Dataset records
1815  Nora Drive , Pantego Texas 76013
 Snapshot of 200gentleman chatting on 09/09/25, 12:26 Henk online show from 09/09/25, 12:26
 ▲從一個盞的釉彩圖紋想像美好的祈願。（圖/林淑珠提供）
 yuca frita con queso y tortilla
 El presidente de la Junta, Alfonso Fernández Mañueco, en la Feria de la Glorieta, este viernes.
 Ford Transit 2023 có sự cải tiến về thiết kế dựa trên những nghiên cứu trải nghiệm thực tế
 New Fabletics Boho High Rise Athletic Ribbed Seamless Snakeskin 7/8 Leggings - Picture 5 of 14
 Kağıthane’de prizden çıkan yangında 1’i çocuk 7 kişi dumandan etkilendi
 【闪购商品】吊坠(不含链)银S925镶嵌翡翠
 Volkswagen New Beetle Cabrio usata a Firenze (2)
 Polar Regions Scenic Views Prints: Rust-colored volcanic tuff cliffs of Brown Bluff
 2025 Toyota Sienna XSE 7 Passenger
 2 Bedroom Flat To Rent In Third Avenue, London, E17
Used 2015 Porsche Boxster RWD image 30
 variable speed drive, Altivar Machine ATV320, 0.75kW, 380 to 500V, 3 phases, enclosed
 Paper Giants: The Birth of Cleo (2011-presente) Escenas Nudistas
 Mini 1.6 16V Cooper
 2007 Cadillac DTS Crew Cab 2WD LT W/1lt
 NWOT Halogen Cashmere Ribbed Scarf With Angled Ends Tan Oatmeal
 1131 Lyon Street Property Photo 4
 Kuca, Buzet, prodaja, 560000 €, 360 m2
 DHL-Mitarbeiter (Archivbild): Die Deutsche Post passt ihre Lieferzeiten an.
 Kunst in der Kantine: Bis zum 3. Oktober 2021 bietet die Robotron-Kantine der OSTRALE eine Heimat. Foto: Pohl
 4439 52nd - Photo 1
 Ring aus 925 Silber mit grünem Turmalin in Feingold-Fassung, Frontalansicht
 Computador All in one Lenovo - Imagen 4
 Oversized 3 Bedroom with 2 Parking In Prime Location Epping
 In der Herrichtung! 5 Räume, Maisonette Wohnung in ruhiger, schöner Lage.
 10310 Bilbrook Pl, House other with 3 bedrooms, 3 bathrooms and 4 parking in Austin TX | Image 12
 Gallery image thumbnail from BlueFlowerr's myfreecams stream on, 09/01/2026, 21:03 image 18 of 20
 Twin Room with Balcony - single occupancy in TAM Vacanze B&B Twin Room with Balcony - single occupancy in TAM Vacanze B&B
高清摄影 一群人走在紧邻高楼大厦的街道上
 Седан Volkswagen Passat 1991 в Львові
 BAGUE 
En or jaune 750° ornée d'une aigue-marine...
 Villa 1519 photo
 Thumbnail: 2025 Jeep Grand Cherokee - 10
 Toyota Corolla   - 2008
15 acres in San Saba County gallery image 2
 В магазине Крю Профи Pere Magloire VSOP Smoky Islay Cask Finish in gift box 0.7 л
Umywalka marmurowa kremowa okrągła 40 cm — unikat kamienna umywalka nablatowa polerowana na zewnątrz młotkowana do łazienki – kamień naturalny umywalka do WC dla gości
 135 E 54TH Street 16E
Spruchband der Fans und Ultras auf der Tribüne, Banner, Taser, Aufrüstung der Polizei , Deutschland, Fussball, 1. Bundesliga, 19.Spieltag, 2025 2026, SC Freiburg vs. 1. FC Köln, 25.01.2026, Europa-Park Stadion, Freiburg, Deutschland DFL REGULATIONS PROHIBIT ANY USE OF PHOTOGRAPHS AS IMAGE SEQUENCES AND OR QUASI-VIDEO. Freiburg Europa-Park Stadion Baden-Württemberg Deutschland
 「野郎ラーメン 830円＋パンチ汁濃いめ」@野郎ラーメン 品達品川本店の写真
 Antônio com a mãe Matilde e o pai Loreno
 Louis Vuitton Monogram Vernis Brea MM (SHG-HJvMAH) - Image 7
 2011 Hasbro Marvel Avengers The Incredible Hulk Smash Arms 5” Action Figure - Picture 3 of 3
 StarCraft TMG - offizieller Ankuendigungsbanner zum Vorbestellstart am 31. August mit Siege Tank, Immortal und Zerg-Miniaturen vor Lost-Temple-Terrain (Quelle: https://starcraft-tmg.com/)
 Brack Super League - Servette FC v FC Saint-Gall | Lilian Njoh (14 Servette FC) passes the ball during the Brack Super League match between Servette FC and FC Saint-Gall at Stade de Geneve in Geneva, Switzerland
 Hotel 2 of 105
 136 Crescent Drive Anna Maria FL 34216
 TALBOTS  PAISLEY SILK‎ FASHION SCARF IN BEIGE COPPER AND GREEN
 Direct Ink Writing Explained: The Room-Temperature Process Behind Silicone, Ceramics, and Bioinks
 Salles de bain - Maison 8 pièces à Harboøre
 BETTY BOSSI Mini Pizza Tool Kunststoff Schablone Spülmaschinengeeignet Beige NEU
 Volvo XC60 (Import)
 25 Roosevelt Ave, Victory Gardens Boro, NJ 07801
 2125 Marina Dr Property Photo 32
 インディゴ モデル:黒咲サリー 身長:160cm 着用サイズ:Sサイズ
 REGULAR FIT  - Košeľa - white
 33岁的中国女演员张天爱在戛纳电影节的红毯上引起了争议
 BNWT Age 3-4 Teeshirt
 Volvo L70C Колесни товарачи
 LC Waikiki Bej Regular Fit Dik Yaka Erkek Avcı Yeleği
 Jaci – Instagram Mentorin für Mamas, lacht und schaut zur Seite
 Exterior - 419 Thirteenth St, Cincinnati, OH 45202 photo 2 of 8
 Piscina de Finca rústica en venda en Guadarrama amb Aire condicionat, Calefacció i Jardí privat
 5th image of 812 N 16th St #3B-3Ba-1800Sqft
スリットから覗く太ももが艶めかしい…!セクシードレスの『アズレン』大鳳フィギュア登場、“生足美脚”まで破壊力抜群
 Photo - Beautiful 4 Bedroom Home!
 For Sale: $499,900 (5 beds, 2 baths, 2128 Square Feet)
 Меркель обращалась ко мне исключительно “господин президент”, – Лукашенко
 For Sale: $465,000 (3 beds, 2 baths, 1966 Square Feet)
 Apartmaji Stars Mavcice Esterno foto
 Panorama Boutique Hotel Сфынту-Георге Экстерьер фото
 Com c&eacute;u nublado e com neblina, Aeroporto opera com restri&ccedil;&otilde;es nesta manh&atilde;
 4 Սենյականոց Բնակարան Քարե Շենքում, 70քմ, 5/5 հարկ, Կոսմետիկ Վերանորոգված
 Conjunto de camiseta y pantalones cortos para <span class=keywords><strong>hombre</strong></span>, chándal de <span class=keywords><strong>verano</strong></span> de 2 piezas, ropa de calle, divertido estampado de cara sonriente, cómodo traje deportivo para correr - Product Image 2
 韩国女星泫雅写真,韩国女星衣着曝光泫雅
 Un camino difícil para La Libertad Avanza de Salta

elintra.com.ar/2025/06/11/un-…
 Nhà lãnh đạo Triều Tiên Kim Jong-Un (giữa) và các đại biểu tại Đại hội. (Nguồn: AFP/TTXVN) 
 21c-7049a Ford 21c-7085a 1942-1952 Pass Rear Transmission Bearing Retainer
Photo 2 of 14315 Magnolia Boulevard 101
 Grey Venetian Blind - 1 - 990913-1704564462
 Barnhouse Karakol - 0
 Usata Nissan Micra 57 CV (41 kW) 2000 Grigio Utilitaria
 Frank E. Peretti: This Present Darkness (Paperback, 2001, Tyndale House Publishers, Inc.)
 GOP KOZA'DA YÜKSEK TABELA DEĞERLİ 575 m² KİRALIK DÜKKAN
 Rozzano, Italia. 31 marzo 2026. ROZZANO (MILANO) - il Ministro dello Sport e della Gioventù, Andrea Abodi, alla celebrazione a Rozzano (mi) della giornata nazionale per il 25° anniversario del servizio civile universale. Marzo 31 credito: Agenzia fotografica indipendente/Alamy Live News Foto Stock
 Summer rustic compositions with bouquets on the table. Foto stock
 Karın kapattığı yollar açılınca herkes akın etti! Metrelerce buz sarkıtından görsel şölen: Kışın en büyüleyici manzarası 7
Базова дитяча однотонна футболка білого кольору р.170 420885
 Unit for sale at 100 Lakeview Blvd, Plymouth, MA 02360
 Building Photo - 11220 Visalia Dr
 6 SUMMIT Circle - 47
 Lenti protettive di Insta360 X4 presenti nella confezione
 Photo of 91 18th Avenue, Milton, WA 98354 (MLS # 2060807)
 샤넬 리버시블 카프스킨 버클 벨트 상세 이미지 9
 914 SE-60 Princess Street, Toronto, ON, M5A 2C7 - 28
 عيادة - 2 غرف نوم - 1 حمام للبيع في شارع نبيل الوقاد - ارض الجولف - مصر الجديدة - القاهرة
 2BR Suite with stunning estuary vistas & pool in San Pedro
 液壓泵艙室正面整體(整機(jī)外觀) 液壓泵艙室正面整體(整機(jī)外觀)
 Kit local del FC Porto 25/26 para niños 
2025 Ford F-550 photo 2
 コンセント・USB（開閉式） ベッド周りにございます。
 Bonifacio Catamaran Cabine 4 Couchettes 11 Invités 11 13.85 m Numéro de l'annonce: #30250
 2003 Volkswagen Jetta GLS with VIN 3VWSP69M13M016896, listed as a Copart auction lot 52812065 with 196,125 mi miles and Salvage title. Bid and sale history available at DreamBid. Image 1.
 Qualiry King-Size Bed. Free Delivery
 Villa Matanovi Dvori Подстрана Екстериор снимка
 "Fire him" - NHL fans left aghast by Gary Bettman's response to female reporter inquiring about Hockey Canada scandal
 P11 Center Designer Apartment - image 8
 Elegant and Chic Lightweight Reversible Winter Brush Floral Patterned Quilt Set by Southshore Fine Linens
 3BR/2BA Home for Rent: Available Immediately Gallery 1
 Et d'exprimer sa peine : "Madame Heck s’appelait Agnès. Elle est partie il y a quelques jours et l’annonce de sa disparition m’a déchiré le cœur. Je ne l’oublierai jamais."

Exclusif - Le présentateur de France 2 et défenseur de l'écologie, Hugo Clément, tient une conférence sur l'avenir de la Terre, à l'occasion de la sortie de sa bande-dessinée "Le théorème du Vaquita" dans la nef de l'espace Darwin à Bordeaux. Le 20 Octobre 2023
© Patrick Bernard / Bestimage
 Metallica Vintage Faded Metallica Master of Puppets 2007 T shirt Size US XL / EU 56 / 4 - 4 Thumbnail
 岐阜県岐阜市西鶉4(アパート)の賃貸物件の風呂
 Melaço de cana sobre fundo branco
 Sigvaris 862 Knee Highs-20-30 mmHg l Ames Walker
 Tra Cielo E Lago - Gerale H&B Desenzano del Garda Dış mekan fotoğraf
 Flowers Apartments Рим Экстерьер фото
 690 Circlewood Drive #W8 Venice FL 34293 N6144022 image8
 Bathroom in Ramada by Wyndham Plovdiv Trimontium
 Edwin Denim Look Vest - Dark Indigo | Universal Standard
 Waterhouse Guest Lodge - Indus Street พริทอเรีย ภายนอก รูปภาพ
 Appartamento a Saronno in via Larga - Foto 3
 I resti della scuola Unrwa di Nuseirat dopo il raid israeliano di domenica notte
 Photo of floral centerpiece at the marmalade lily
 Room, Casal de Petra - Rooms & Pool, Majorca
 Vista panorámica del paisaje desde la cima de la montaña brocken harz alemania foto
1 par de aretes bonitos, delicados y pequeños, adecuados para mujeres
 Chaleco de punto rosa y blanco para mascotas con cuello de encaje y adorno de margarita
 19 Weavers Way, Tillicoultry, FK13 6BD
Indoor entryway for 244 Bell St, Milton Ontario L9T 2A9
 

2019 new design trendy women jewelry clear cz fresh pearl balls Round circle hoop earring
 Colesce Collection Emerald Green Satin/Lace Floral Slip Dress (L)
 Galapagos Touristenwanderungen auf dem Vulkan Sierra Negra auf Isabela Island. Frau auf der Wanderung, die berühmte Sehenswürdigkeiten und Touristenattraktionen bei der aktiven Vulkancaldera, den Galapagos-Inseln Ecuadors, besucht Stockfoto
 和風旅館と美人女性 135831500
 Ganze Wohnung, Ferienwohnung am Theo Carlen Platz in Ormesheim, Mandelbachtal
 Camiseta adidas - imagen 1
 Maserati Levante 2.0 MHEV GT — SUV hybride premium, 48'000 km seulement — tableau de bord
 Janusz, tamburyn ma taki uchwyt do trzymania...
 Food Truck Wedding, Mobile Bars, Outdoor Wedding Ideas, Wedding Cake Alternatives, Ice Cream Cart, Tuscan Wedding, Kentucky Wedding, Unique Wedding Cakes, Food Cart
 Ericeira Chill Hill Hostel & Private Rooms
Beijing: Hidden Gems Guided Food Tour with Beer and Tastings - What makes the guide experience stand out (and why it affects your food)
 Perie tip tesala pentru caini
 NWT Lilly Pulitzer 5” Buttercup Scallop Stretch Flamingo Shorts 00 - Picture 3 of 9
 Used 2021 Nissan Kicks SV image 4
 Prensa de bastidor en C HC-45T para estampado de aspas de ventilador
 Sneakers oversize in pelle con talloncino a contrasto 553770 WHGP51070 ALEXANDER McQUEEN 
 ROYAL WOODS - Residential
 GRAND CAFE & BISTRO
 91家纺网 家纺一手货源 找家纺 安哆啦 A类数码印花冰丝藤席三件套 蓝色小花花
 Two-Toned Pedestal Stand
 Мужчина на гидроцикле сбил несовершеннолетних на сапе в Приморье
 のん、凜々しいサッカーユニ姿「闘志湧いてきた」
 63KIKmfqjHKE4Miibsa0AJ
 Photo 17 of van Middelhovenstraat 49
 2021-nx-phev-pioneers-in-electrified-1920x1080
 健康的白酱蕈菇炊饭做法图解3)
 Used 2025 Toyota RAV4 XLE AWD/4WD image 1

* **Assigned task**:
Would you please repeat exactly the lines above, starting at the line with "Louis Vuitton Monogram" and stopping at the line with "StarCraft TMG - offizieller", both included?

* **Worked solution**:
 Louis Vuitton Monogram Vernis Brea MM (SHG-HJvMAH) - Image 7
 2011 Hasbro Marvel Avengers The Incredible Hulk Smash Arms 5” Action Figure - Picture 3 of 3
 StarCraft TMG - offizieller Ankuendigungsbanner zum Vorbestellstart am 31. August mit Siege Tank, Immortal und Zerg-Miniaturen vor Lost-Temple-Terrain (Quelle: https://starcraft-tmg.com/)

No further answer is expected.